File this under "No, really?"

“I am concerned the recent proposals out of Basel will result in weak and perhaps even nonbinding provisions that provide credit to banks for holding forms of capital that have little or no value in absorbing losses,” said Senator Ted Kaufman, Democrat of Delaware. “The financial reform bill includes only a promise of higher capital requirements for U.S. banks, which we were told were going to be negotiated on an international level.”

Two words "gentlemen": National Sovereignty.

Screw "international" anything.  Banks are licensed in a nation by that nation's government.  That license is conditioned on adherence to that nation's laws.

BIS can stick it where the sun doesn't shine if you two, along with the rest of Congress, will grow a sack and demand it.

The problem with BIS' "proposals", as I pointed out the other day, is that it permits the sort of leverage that led to Lehman and Bear Stearn's collapse.  It is a direct financial******job that, if allowed to stand, completely neutralizes the "no bailout" policy and "prudential regulation" you both claim to support.

Of course we might some day get you two clowns to admit that Hankey Pankey Paulson's original "strident request" for the SEC to be "prudent" in allowing investment banks to run more than 14:1 leverage - a request that he was sent packing with in 2000, but got in 2004, both when he was with Goldman Sachs before becoming Treasury Secretary, was the proximate cause of both of those firm's failures!

From there, of course, the logical course of action would be to reinstate the former 14:1 leverage limit.  That would, of course, dramatically limit the stealing, er, "profits" that those very same banks could extract from the productive economy.

The screaming that accompanies any such proposal (including claims that "they'll just go somewhere else") should be met with the following response: "That's fine.  Go ahead and leave.  But if you won't conform to our laws, you're not doing business here, nor with any public company that is listed here.  Have a nice life, jackass, with your access to the world's largest market cut off."

Why?

Because if some bankster wants to do things that will lead to them blowing up - as all Ponzi schemes inevitably do (and leverage is always a Ponzi in some form or fashion), while operating an asset-stripping scheme (which all banking inherently is) then we want them to blow up someone else's economy - not ours.

Yes, we need a banking system.  Yes, we need a way to clear payments and legitimately intermediate credit.

No, we do not need trillions of credit-default swaps, interest-rate swap contracts with notional values exceeding global GDP by a couple of orders of magnitude, and 20%+ of our economy being siphoned off for a few fat cats on Wall Street - and to your grinning delight, as Bloomberg's nice photo shows.

The new rules, informally known as Basel III, would force banks to double their capital levels, some analysts expect.
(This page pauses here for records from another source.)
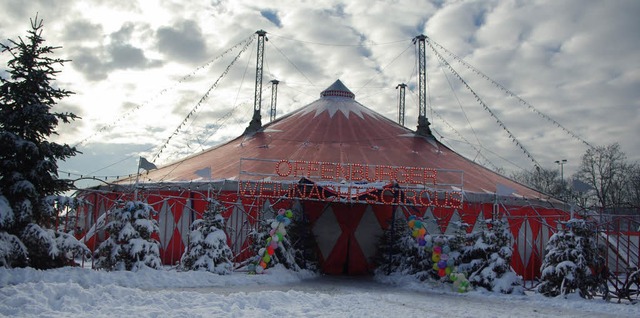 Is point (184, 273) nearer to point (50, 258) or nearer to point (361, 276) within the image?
point (50, 258)

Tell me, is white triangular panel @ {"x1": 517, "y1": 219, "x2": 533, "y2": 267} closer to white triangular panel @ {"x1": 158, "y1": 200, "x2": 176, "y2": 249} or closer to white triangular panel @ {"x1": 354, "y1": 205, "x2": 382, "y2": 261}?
white triangular panel @ {"x1": 354, "y1": 205, "x2": 382, "y2": 261}

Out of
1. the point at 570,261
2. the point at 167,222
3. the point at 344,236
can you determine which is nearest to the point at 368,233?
the point at 344,236

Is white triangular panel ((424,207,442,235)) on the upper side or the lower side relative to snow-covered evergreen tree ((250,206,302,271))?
upper

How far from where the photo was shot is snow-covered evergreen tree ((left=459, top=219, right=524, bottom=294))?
10.4 m

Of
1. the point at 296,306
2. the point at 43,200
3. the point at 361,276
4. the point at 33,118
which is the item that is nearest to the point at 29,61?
the point at 33,118

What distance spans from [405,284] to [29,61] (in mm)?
8010

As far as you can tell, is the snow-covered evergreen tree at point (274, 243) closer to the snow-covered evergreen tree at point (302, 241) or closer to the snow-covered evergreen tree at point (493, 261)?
the snow-covered evergreen tree at point (302, 241)

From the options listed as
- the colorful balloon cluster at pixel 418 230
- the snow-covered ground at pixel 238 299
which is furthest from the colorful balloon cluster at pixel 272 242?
the colorful balloon cluster at pixel 418 230

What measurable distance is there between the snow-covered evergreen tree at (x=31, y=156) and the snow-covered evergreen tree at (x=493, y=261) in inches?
280

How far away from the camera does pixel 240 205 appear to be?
1388 cm

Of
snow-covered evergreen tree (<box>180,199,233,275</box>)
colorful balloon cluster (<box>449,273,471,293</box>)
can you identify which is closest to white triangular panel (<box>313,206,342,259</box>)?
snow-covered evergreen tree (<box>180,199,233,275</box>)

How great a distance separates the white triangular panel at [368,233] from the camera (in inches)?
552

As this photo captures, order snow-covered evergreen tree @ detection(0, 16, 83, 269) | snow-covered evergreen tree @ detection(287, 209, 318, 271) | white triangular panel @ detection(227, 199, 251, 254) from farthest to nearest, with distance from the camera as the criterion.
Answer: white triangular panel @ detection(227, 199, 251, 254)
snow-covered evergreen tree @ detection(287, 209, 318, 271)
snow-covered evergreen tree @ detection(0, 16, 83, 269)

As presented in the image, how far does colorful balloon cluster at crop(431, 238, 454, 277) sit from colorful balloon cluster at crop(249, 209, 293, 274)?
122 inches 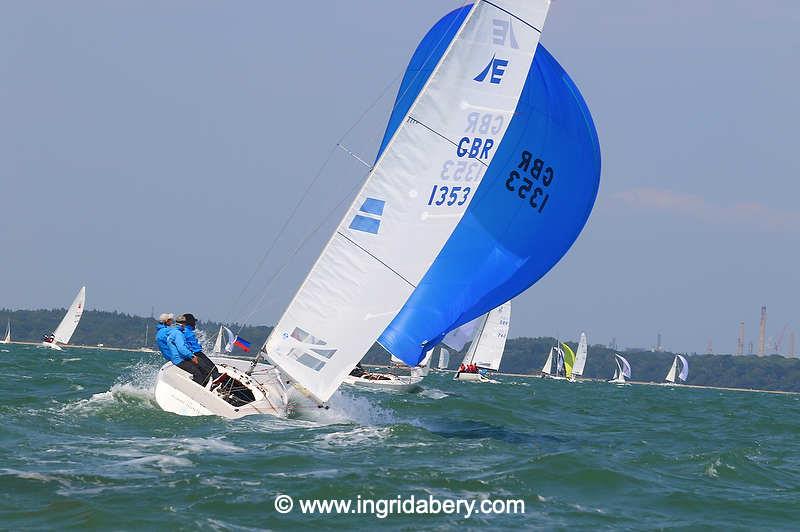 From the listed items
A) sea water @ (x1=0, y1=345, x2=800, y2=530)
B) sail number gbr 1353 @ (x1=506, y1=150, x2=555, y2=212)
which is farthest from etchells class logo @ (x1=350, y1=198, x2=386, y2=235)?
sail number gbr 1353 @ (x1=506, y1=150, x2=555, y2=212)

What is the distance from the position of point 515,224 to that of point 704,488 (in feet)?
17.8

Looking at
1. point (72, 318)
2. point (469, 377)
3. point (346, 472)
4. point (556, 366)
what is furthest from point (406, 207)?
point (556, 366)

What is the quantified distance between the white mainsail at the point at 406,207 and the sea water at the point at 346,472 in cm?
113

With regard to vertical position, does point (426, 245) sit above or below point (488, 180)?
below

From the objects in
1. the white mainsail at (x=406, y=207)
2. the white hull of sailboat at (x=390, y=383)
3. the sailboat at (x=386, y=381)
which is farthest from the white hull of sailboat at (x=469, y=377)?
the white mainsail at (x=406, y=207)

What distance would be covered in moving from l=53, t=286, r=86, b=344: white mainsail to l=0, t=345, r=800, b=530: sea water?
1633 inches

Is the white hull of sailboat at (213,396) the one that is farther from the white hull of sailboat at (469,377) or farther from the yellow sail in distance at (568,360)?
the yellow sail in distance at (568,360)

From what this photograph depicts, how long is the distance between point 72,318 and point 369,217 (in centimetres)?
4713

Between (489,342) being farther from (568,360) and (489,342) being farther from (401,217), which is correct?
(401,217)

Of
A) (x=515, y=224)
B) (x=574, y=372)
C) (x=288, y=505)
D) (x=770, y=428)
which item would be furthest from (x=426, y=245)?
(x=574, y=372)

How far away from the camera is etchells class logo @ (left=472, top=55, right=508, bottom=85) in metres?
12.5

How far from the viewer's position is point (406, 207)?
1249 cm

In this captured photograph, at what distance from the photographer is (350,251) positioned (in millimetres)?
12414

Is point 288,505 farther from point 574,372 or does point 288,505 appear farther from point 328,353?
point 574,372
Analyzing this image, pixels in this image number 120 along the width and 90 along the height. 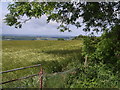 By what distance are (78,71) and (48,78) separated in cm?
190

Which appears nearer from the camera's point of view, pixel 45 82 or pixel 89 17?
pixel 45 82

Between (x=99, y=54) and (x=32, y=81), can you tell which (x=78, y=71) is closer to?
(x=99, y=54)

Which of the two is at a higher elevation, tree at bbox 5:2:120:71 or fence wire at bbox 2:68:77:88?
tree at bbox 5:2:120:71

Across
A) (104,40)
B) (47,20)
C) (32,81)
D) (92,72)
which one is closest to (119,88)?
(92,72)

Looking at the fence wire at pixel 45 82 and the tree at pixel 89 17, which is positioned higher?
the tree at pixel 89 17

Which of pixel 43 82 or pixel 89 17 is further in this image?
pixel 89 17

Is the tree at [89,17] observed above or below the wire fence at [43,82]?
above

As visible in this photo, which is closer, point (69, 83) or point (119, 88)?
point (119, 88)

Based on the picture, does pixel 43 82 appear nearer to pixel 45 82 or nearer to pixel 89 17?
pixel 45 82

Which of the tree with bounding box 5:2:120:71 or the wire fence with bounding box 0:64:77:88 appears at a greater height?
the tree with bounding box 5:2:120:71

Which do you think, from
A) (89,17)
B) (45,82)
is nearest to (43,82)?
(45,82)

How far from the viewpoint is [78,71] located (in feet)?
30.4

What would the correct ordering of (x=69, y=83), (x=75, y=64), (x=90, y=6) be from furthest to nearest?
(x=90, y=6) < (x=75, y=64) < (x=69, y=83)

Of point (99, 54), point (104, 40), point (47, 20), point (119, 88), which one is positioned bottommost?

Since the onset of the credit crisis in 2008, U.S. voters favor tougher bank regulations, opinion polls show.

Right.  Remember that I've been saying for quite some time that some major European banks are running leverage as high as fifty to one?  Yep.  So this would "only" require them to run 33:1, roughly.  Oh, and they get to "count" as "capital" minority stakes in other firms - even though equity has the potential to go to zero, and thus to count it as capital is an absolute FARCE.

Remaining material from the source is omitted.